Records for this task →

►

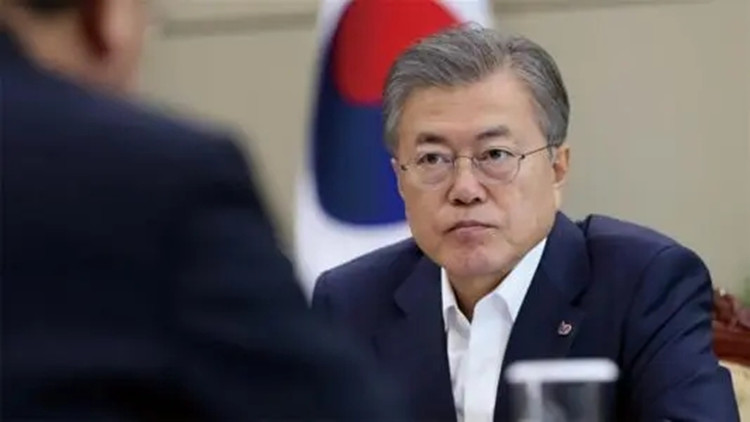 青瓦台“魔咒”被破 <a href=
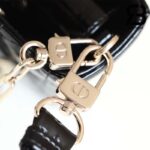 Túi Small Lady Dior D-Joy Bag Màu Đen Patent Da Bê 22CM Best Quality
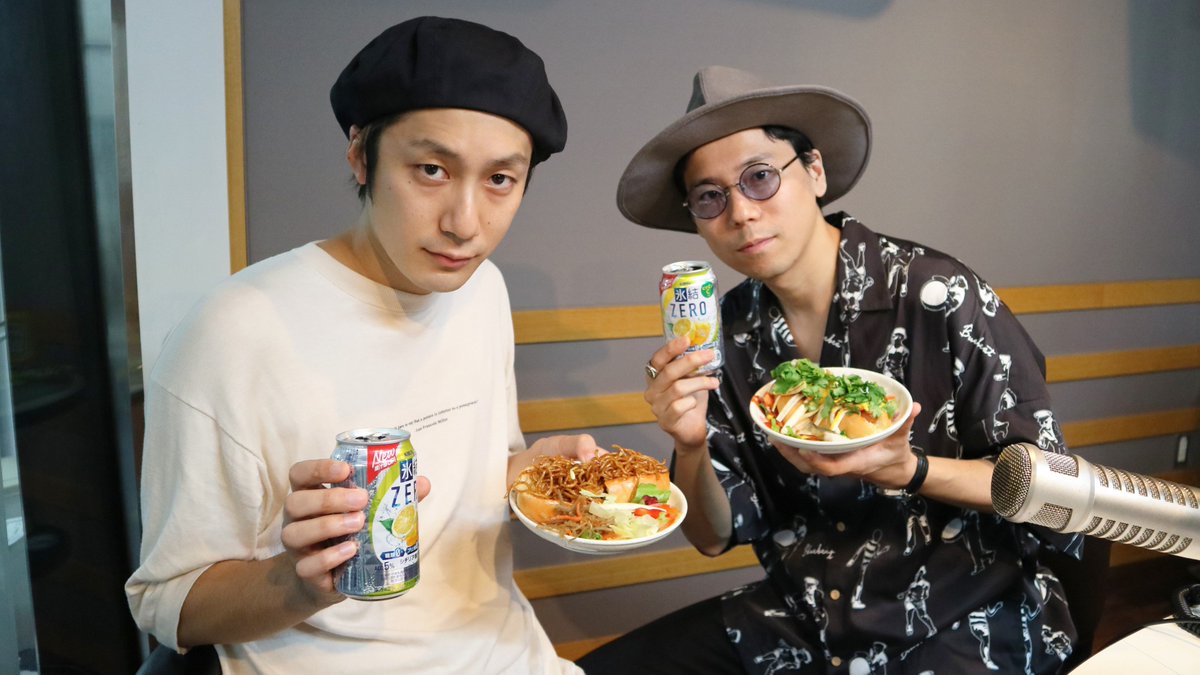 最終回では、THE BAWDIESの名曲「HOT DOG」にあやかって、
ROYさん(<a href="/ROYTHEBAWDIES/">ROY(THE BAWDIES)</a>)・TAXMANさん(<a href="/TAXTHEBAWDIES/">TAXMAN(THE BAWDIES)</a>)と
「氷結と一緒に食べたいホットドッグ対決」を実施！
トッピングを乗せて、どちらが氷結と一緒に食べたいホットドッグを作れるか勝負をしました！

#氷結あたらしくいこう
#THEBAWDIES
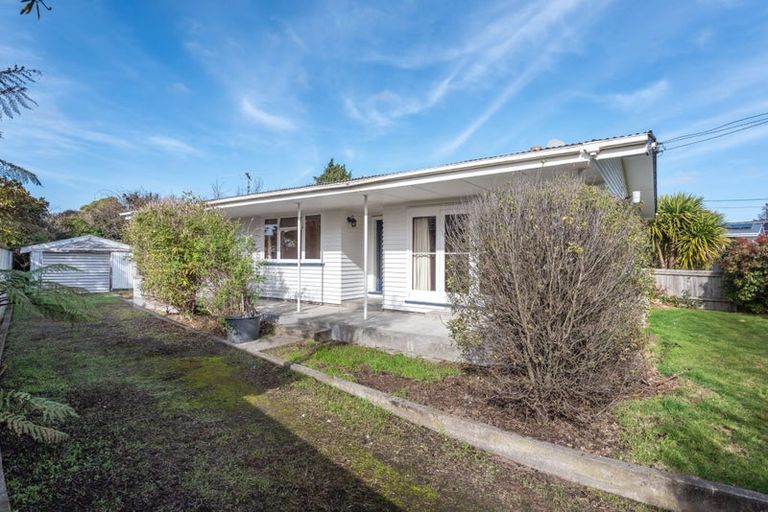 Photo of property in 64 Hudson Street, Bryndwr, Christchurch, 8053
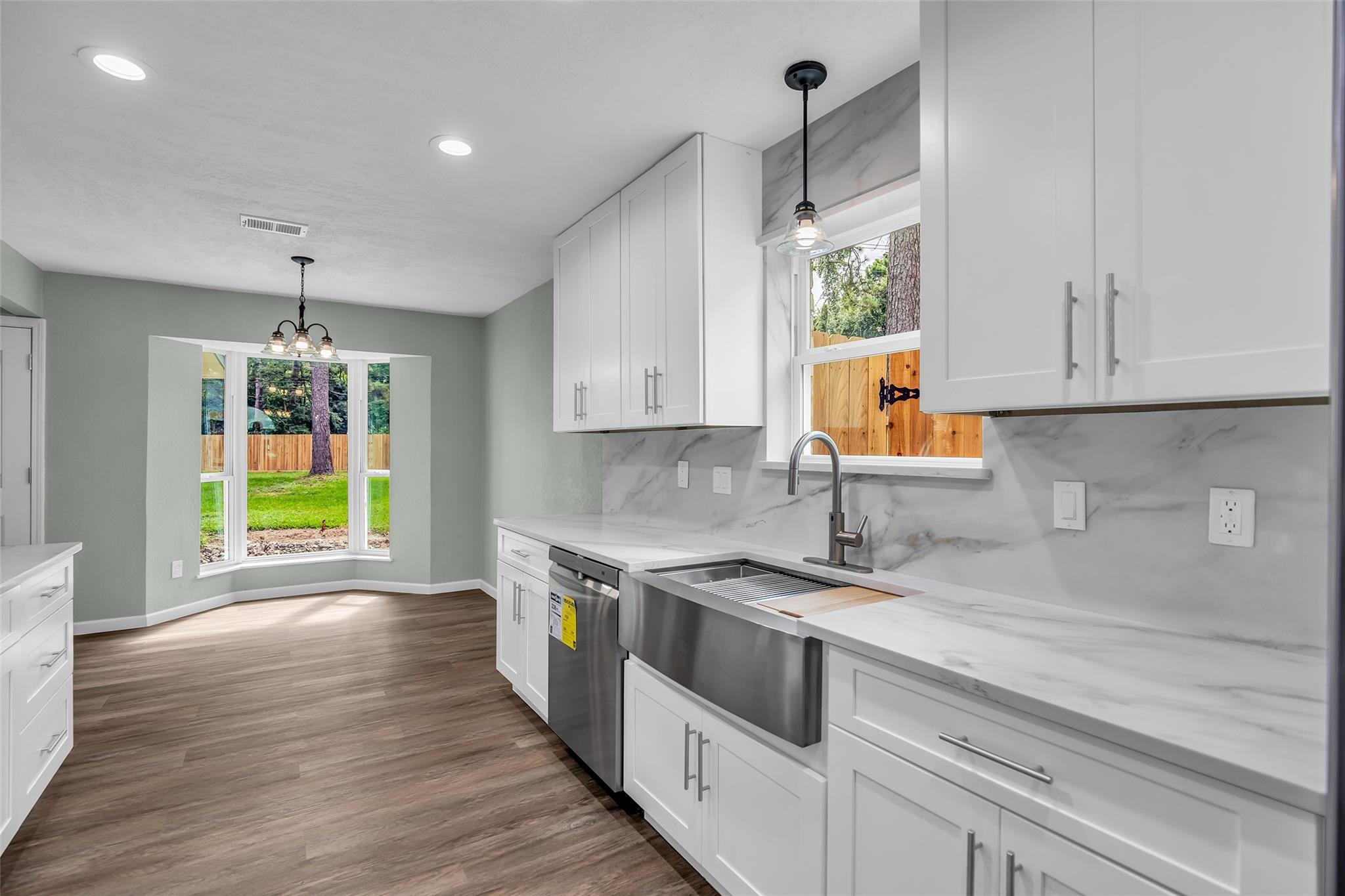 24614 Moorgate Lane Property Photo 11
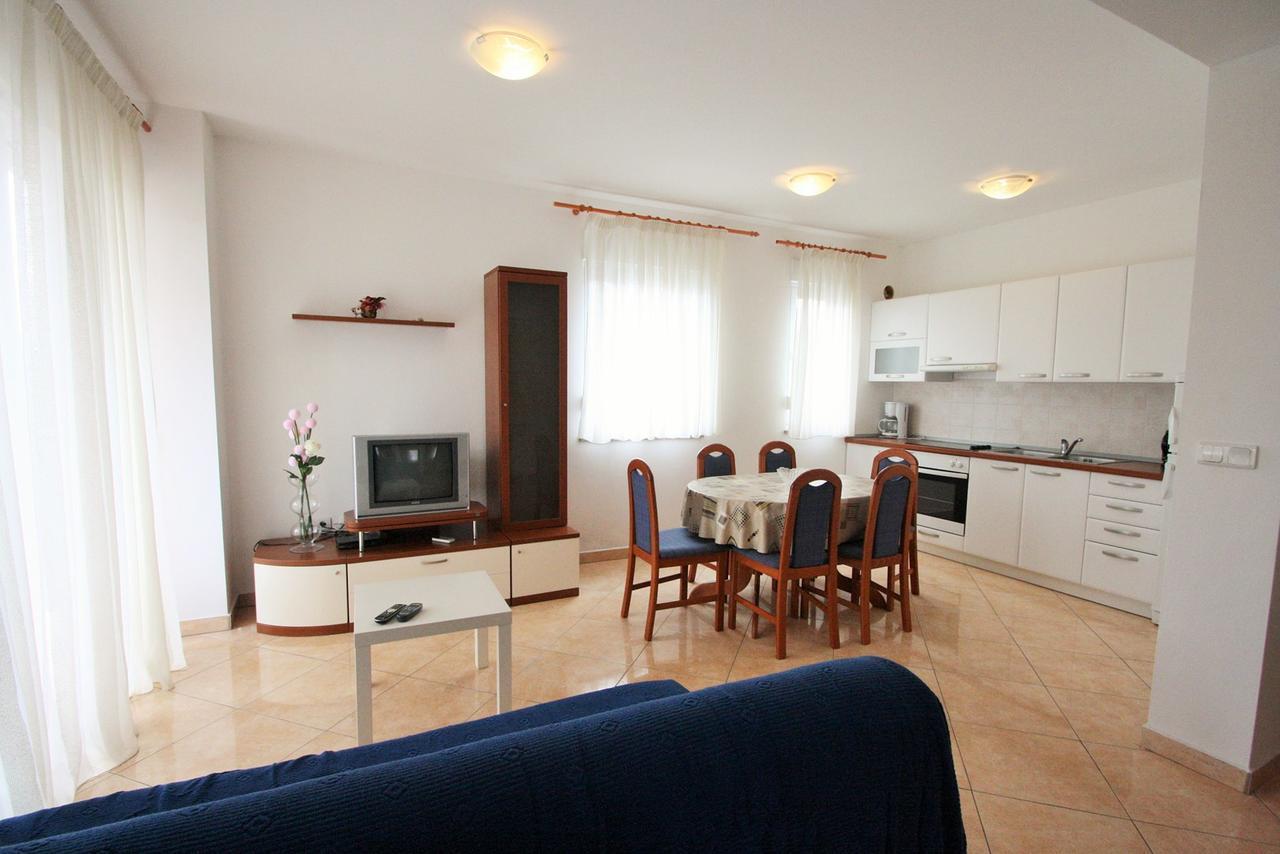Apartment Bilic With Balcony Poreč Exterior foto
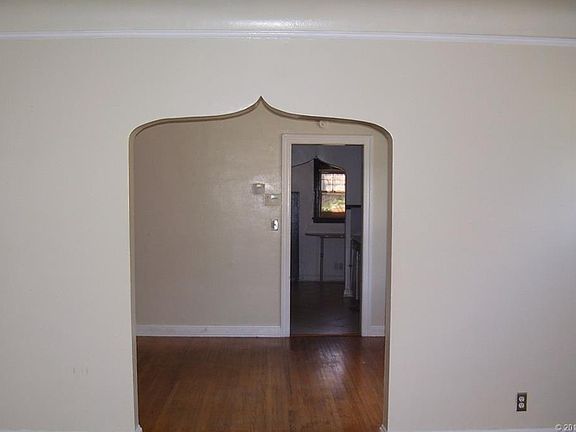 5th image of 1548 S Louisville Ave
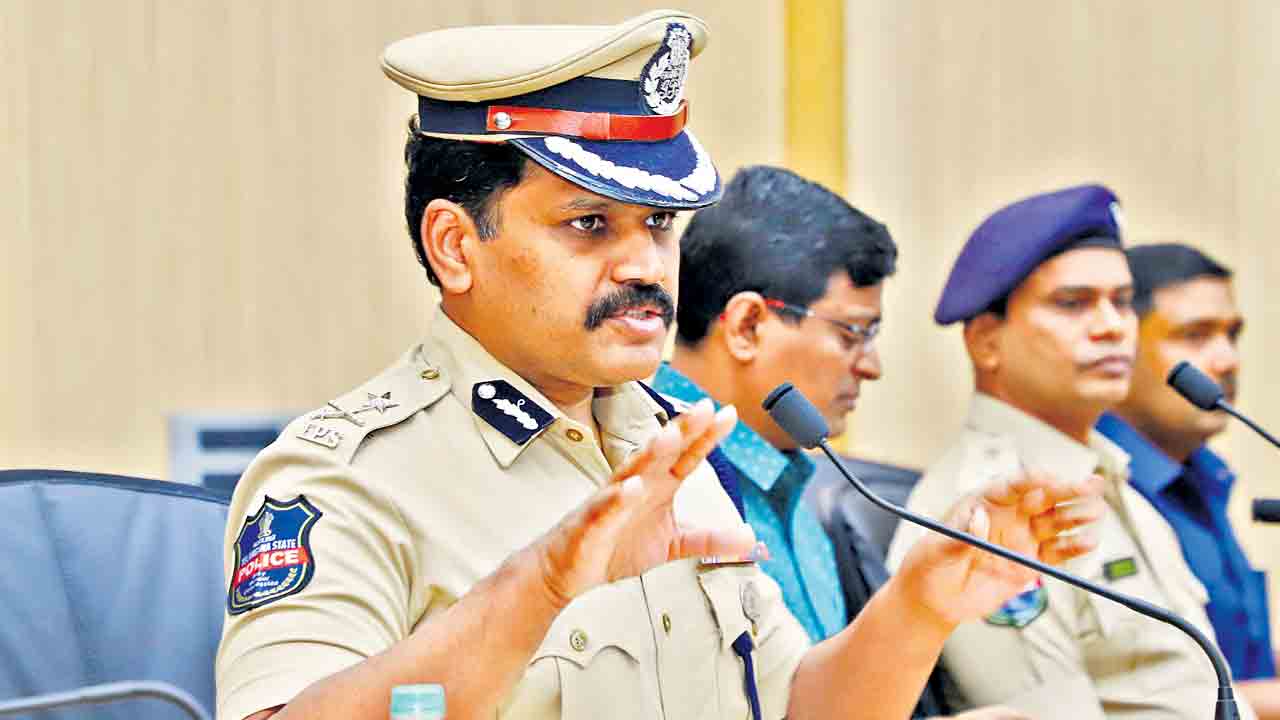 ఆన్‌లైన్‌ బెట్టింగ్‌ ఆటకట్టు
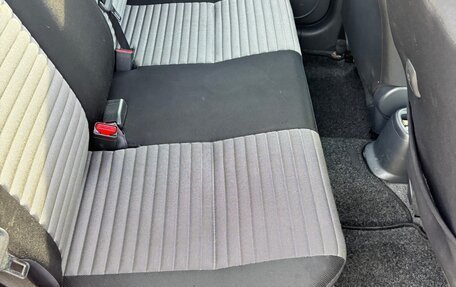 Suzuki SX4 II рестайлинг, 2010 год, 900 000 рублей, 15 фотография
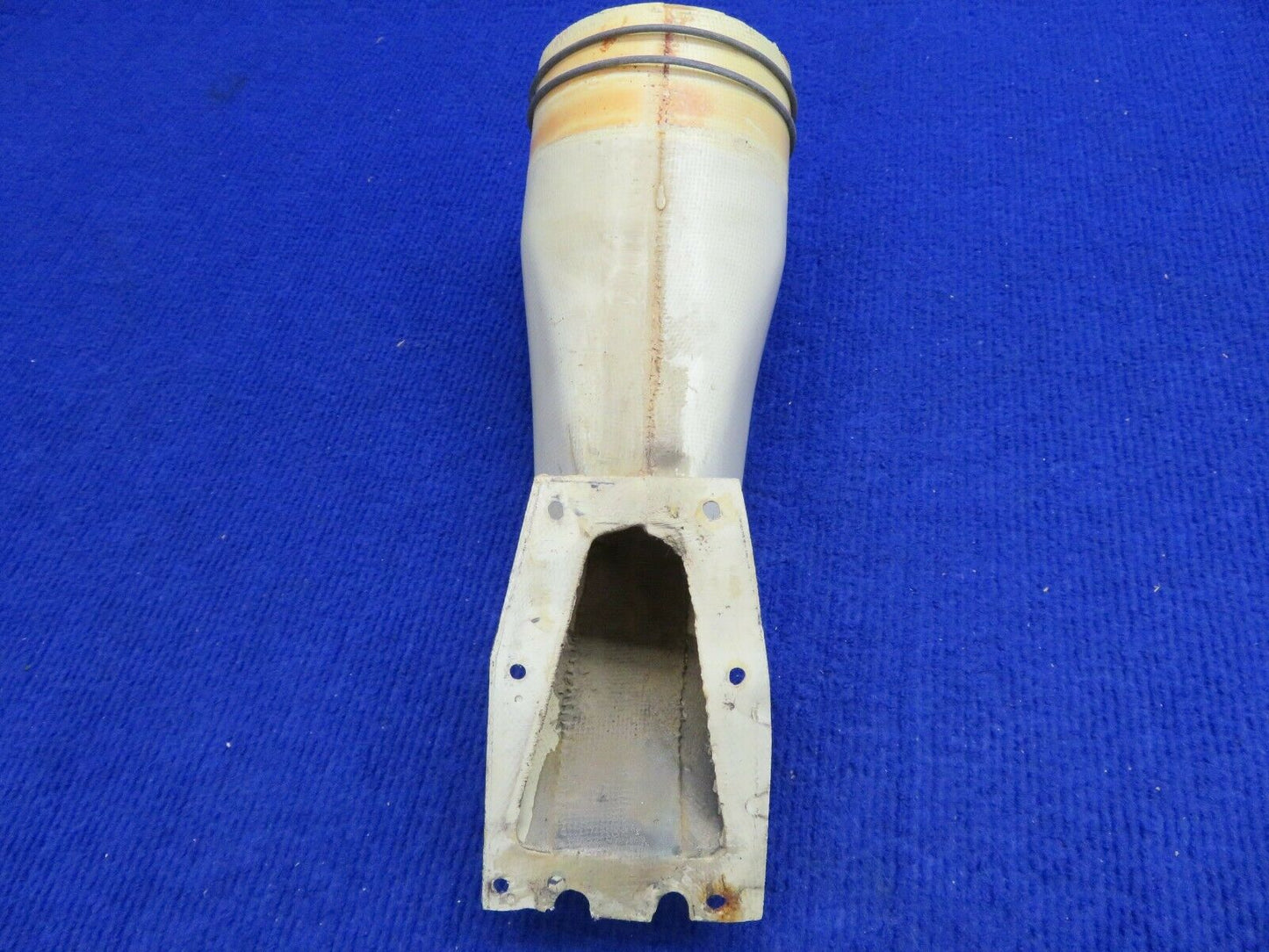 Piper PA-28R-201T  Arrow Fitting Assy Air Duct Lower P/N 79271-00 (0222-845)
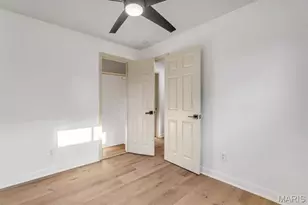 3021 Henrietta St, Saint Louis, MO 63104 - Photo 17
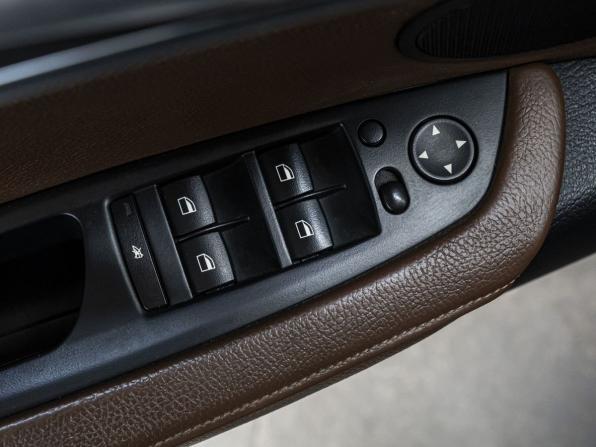 BMW X5 II (E70) Рестайлинг с пробегом 2012 года, цена 2 279 000 рублей, 249411 км, внедорожник, Автокод Объявления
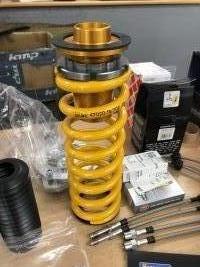 Öhlins Track&Road Fahrwerk mit Stahlflex Bremsleitungen verbaut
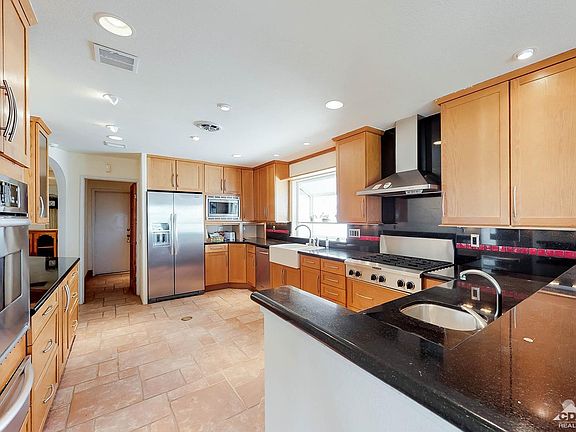 5th image of 2222 N Palermo Dr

◄

Assigned task →
In the entries above, find the line containing "Túi Small Lady". Transcribe it and every later line to the end, exactly, and leave out the pictures.

Exercise output →
 Túi Small Lady Dior D-Joy Bag Màu Đen Patent Da Bê 22CM Best Quality
 最終回では、THE BAWDIESの名曲「HOT DOG」にあやかって、
ROYさん(<a href="/ROYTHEBAWDIES/">ROY(THE BAWDIES)</a>)・TAXMANさん(<a href="/TAXTHEBAWDIES/">TAXMAN(THE BAWDIES)</a>)と
「氷結と一緒に食べたいホットドッグ対決」を実施！
トッピングを乗せて、どちらが氷結と一緒に食べたいホットドッグを作れるか勝負をしました！

#氷結あたらしくいこう
#THEBAWDIES
 Photo of property in 64 Hudson Street, Bryndwr, Christchurch, 8053
 24614 Moorgate Lane Property Photo 11
Apartment Bilic With Balcony Poreč Exterior foto
 5th image of 1548 S Louisville Ave
 ఆన్‌లైన్‌ బెట్టింగ్‌ ఆటకట్టు
 Suzuki SX4 II рестайлинг, 2010 год, 900 000 рублей, 15 фотография
 Piper PA-28R-201T  Arrow Fitting Assy Air Duct Lower P/N 79271-00 (0222-845)
 3021 Henrietta St, Saint Louis, MO 63104 - Photo 17
 BMW X5 II (E70) Рестайлинг с пробегом 2012 года, цена 2 279 000 рублей, 249411 км, внедорожник, Автокод Объявления
 Öhlins Track&Road Fahrwerk mit Stahlflex Bremsleitungen verbaut
 5th image of 2222 N Palermo Dr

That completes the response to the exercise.